_DATA EXTRACT_.
····················

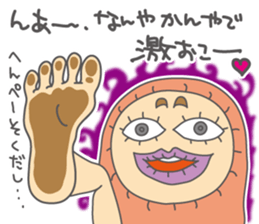 Freedom YOSHIO Part-2 sticker #9459828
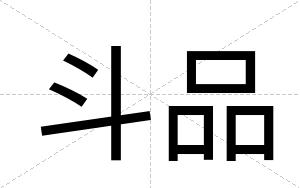 斗品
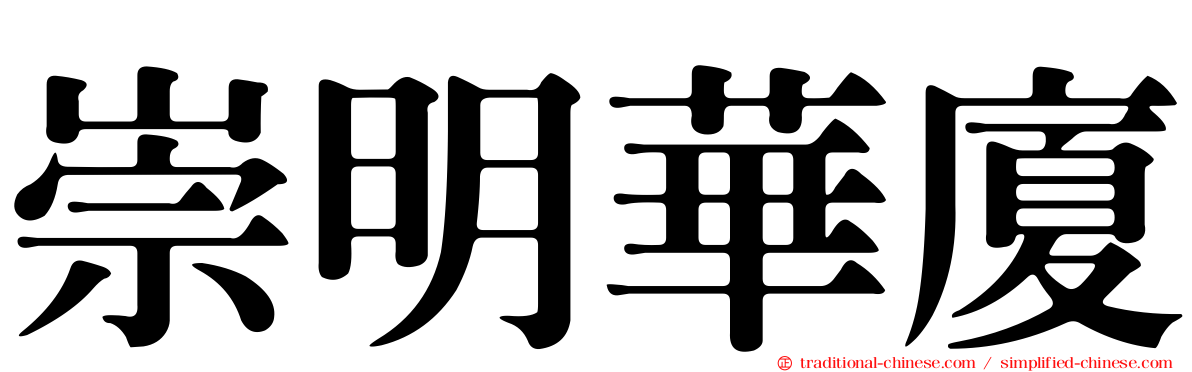 崇明華廈
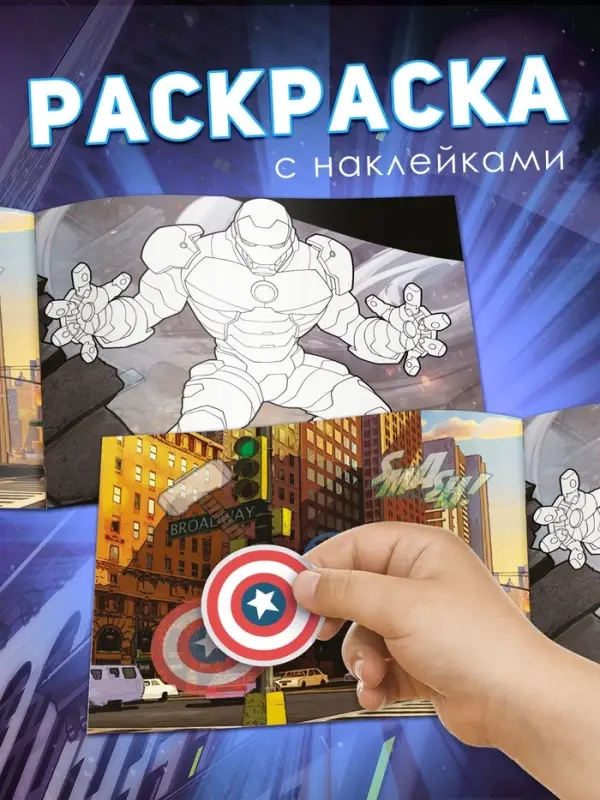 Набор &laquo;Супергеройский&raquo;, 3 книги + 3 фигурки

····················

_PROBLEM DESCRIPTION_.
Transcribe every line of the data exactly. No pictures go in the copy.

_ANSWER FOR THE TASK_.
 Freedom YOSHIO Part-2 sticker #9459828
 斗品
 崇明華廈
 Набор &laquo;Супергеройский&raquo;, 3 книги + 3 фигурки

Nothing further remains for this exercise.